►

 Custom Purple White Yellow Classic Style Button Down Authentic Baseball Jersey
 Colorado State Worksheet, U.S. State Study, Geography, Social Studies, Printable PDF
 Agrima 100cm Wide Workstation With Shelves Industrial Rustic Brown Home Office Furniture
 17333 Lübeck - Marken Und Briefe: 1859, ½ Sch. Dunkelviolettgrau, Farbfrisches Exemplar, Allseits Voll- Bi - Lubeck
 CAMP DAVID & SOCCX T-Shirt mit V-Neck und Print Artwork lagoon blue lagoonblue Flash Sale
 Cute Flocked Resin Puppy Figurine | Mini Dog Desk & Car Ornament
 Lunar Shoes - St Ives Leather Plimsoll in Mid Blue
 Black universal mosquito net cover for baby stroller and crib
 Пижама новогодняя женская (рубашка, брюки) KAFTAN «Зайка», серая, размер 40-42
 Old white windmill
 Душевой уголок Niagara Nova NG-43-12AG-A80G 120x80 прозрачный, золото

◄
►

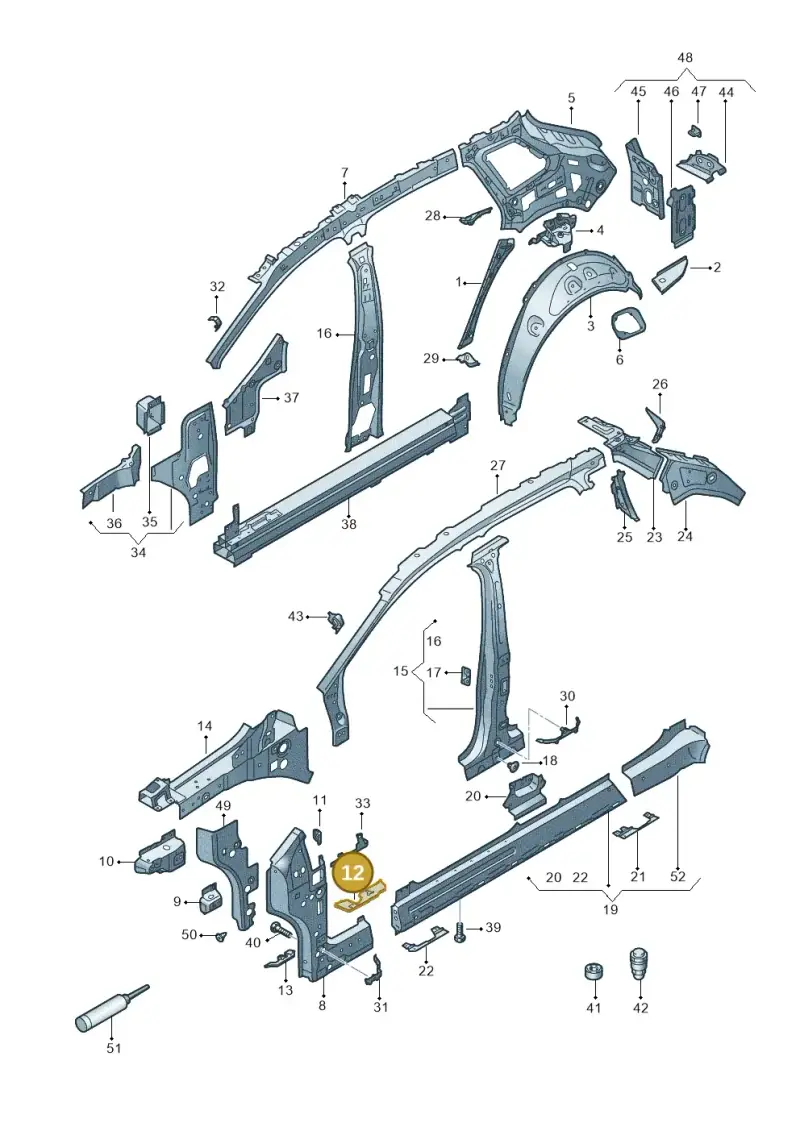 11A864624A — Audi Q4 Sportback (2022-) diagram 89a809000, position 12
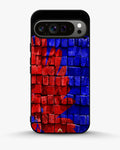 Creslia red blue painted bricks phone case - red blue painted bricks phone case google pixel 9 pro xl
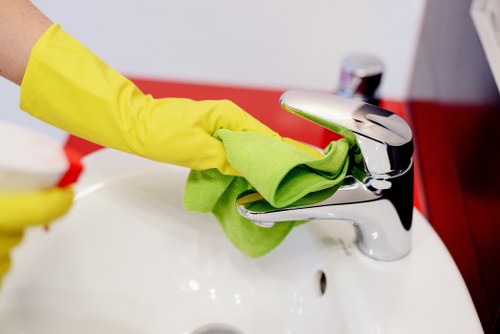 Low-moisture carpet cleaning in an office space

◄
►

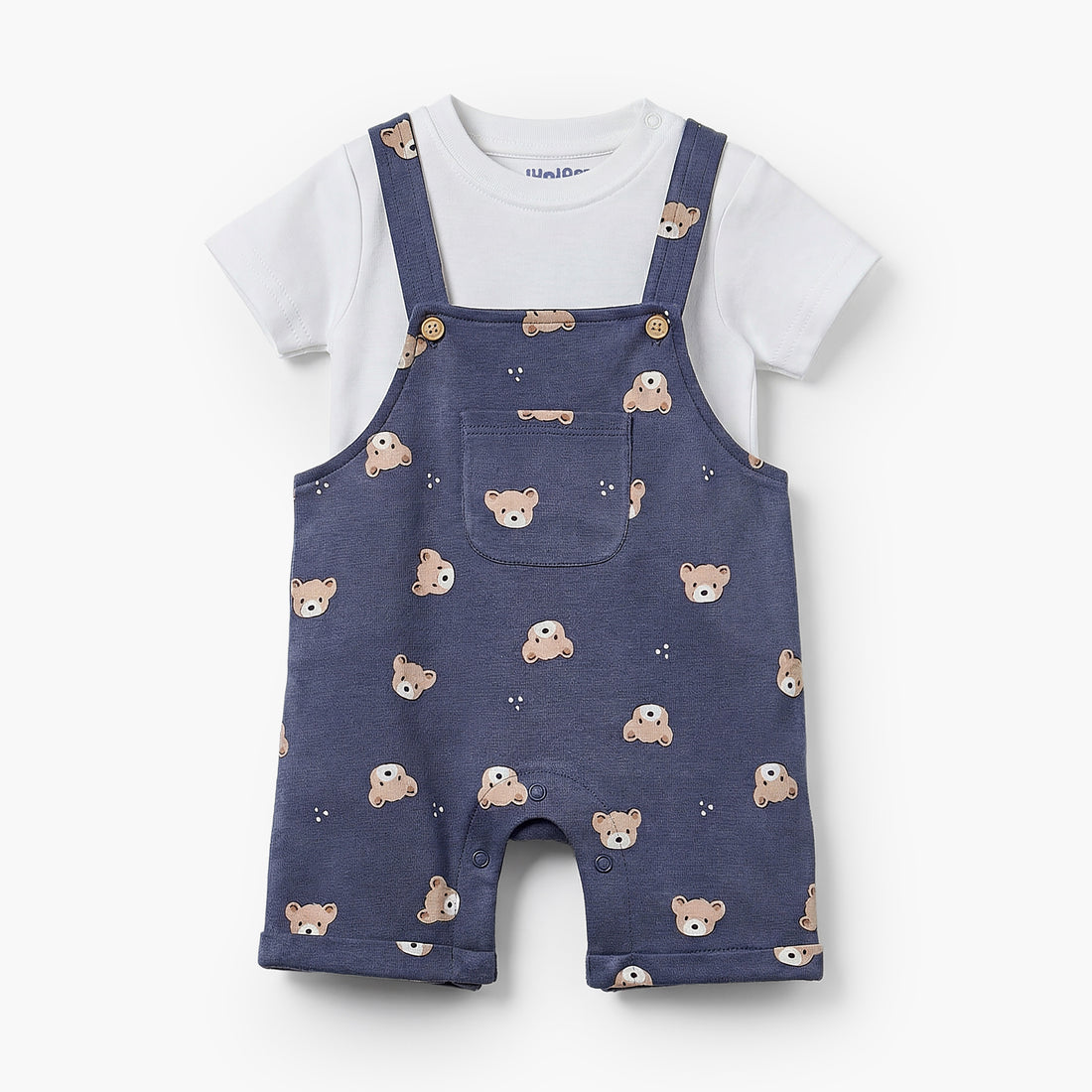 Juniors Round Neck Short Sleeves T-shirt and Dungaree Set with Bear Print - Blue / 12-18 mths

◄

* WHAT NEEDS TO BE DONE: Considering only the material above, set down every line from the one with "Custom Purple White" to the one with "Душевой уголок Niagara", inclusive, exactly as written.

* SOLUTION FOR THIS EXERCISE:
 Custom Purple White Yellow Classic Style Button Down Authentic Baseball Jersey
 Colorado State Worksheet, U.S. State Study, Geography, Social Studies, Printable PDF
 Agrima 100cm Wide Workstation With Shelves Industrial Rustic Brown Home Office Furniture
 17333 Lübeck - Marken Und Briefe: 1859, ½ Sch. Dunkelviolettgrau, Farbfrisches Exemplar, Allseits Voll- Bi - Lubeck
 CAMP DAVID & SOCCX T-Shirt mit V-Neck und Print Artwork lagoon blue lagoonblue Flash Sale
 Cute Flocked Resin Puppy Figurine | Mini Dog Desk & Car Ornament
 Lunar Shoes - St Ives Leather Plimsoll in Mid Blue
 Black universal mosquito net cover for baby stroller and crib
 Пижама новогодняя женская (рубашка, брюки) KAFTAN «Зайка», серая, размер 40-42
 Old white windmill
 Душевой уголок Niagara Nova NG-43-12AG-A80G 120x80 прозрачный, золото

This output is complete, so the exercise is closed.